I was handed a pair of needle nose, line mans, ***** and knife, all Klein and all just chilling at the shop. None have failed me. I've since added, milwaukee 11 in 1, a magnetic torpedo level (which glows), Klein blue handled strippers (the cheap ce ones kept getting thrown out by my kleins), husky three piece wrench set, set of Allen's, #2 square tip, swivel trim with interchangeable head, 1/4 and 5/16 drivers, 98 cent Phillips and flat head, 40' husky tape (I set a lot of floor boxes) and of course my hammer. Probably leaving some stuff out.


----------



## SamoanThor (Oct 18, 2013)

I should add, my company deals in 95% new residential.


----------



## Rochsolid (Aug 9, 2012)

This is your best friend


----------



## 1990hondacivic (Sep 16, 2013)

some of you guys are funny 
maybe you need to be a bit more serious 
this is some peoples future


----------



## uconduit (Jun 6, 2012)

1990hondacivic said:


> some of you guys are funny
> maybe you need to be a bit more serious
> this is some peoples future


Standard or automatic?


----------



## AaronJohnTurner (Nov 16, 2009)

uconduit said:


> Standard or automatic?


I remember my first automatic broom in my time in the army. High falootin' toy that was.


----------



## AaronJohnTurner (Nov 16, 2009)

In all seriousness, here is what I had before I took a break from the trade for 3 years, probably too many tools here already as a first year. Still a first year, but I have way more tools now. By the way, the "auto-nutdriver" is a POS. Also, pro-tip; A sense of humour is a must for those of us at the bottom of the totem pole.


----------



## SamoanThor (Oct 18, 2013)

That's true. I had to be serious today because I had quite possibly the dumbest green hand on my crew. Aside from not finishing the rough in, because we had to again, unf*** his tasks, I have no voice. And it turns out 'this doesn't go here' and 'get off your phone' in my maximum volume doesn't register in his head.


----------



## chewy (May 9, 2010)

SamoanThor said:


> That's true. I had to be serious today because I had quite possibly the dumbest green hand on my crew. Aside from not finishing the rough in, because we had to again, unf*** his tasks, I have no voice. And it turns out 'this doesn't go here' and 'get off your phone' in my maximum volume doesn't register in his head.


Are you a fa'fa'fenei?


----------



## uconduit (Jun 6, 2012)

AaronJohnTurner said:


> I remember my first automatic broom in my time in the army. High falootin' toy that was.

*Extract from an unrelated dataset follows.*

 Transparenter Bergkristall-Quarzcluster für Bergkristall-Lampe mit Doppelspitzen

I was just commenting on his handle.


----------



## SamoanThor (Oct 18, 2013)

chewy said:


> Are you a fa'fa'fenei?


Fa'afafine? No. I'm all tamaloa here. At least, that's what my wife tells me. Once a week and twice on Christmas anyways.


----------



## Mate (Sep 5, 2009)

AaronJohnTurner said:


> In all seriousness, here is what I had before I took a break from the trade for 3 years, probably too many tools here already as a first year. Still a first year, but I have way more tools now. By the way, the "auto-nutdriver" is a POS. Also, pro-tip; A sense of humour is a must for those of us at the bottom of the totem pole.

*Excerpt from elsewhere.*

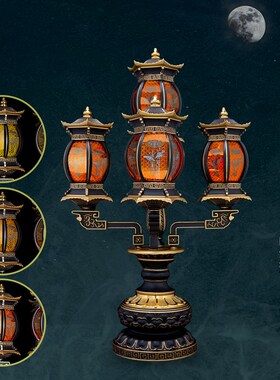速发 观音佛前莲三灯多头宫灯供五佛灯供奉灯花头灯头铜宫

Must be long to cut throught emt with that hacksaw.


----------



## Electrical Student (Jun 6, 2011)

Awsome for a guy just starting out in my opinion. C.E. Tools.

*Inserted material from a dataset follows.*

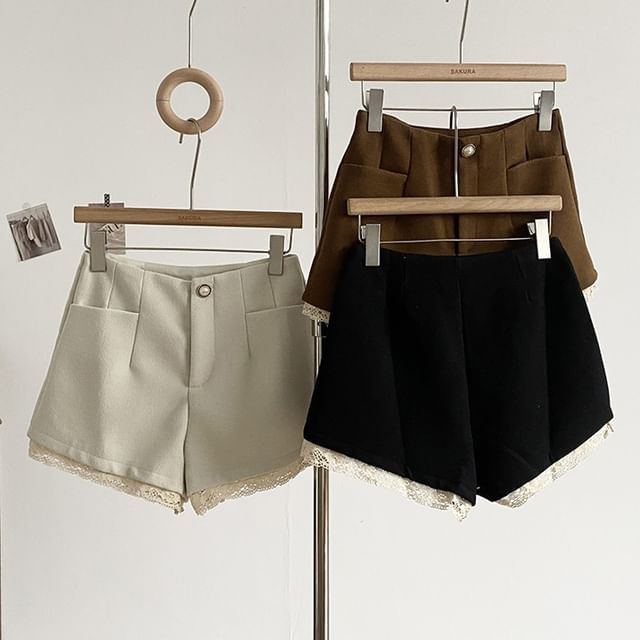 DIYI-High Waist Plain Wide Leg Shorts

http://youtu.be/h2hNIENf16E


----------



## TheChosenOne (Jan 20, 2014)

Go Klien or Knipex for the big 3, linemans, ***** and needle nose

Milwaukee 25' magnetic tape
Lennox Hacksaw
Wiha or Klien screwdrivers
Boulderbag Tool pouches
Fluke voltage detector and t5-600
Nutsetters for the drill
Nut driver set (any will do)
tin snips
half round file
allens

hmm... thats about it for now..


----------



## Wpgshocker (Jan 25, 2013)

http://www.greenlee.com/products/ELECTRICIANS-KIT-28PC.html


Great starter kit. One stop shop. $360 gets everything.


----------



## EB Electric (Feb 8, 2013)

Pick up some diagonal cutters, linesman, needle nose, a decent mix of screwdrivers, adjustable wrench. As for brand: klein knipex wiha wera felo greenlee ideal whichever... they are all top names. Don't go out and spend your life savings on a full rolling thunder kit with this that and everything. Once you are working you can decide which brand is for you and grow the collection of tools based on what the other guys have as you are earning money. You can buy the el cheapo stuff, but know you will replace them and they will break much sooner. If you ask me, cry once when you buy it, not when it breaks, buy the best you can afford. If you are serious about doing this for a living invest in high quality tools. You are on the tools all day long. Something to be said for an organized, well taken care of, high quality set of tools.


----------



## Brodieman (Aug 31, 2013)

EB Electric said:


> Don't go out and spend your life savings on a full rolling thunder kit with this that and everything. Once you are working you can decide which brand is for you and grow the collection of tools based on what the other guys have as you are earning money......


+1

I started my apprenticeship about five months ago and probably spent a little more then I should have prior to starting. I am now wishing that I had made a few different choices in tools.

The losers 

-Klein Cable Cutters; crap. Already on my second replacement and no, I have not been cutting steel with them:no:
-3" Nut Drivers; always wanting 6"
-Klein 11 in 1 driver; should have got a ratcheting multi-driver. I'm finding the Klein a bit bulky. I need to test drive my boss' Milwaukee.
-Folding hex key sets; great to have in your tool bag but, I'm installing 18 panels on a job soon so I need some T-Handles.
-Commercial Electric receptacle tester; dim LEDs but it does the trick.

And the winners;

-Fluke 179/1AC2 kit; Expensive but I won't need a new meter for a very long time. The magnet and alligator clamps are very handy.
Klein 6" Electricians Level; I love this guy. Makes mounting panels a breeze.
Klein Kurve wire strippers; The Dual NMD-90 version is very handy eh!
Milwaukee tape measure; the finger stop is just awesome.
Milwaukee fastback utility knife:thumbup:

I foresee Knipex and Wera tools in my future:thumbsup:

Tip for new apprentice;

My boss really appreciates that I always have the following items on me at all times;
Tape, Sharpie, Pen/Pencil, Small Notebook, Proximity Tester, Pocket Knife & 11 in 1 Driver.


----------



## daks (Jan 16, 2013)

One tip I always give to new apprentices, 

Don't trust your tic tester (non-contact voltage tester). Make sure it works on a known live circuit every day (preferably a couple times a day). or rub it quickly on your shirt and the static will make it light/beep. Especially after you drop it! I have an Ideal one sitting on my desk beside me that is a dud ofter only a week. Safest method is to use your meter to make sure a circuit is not live.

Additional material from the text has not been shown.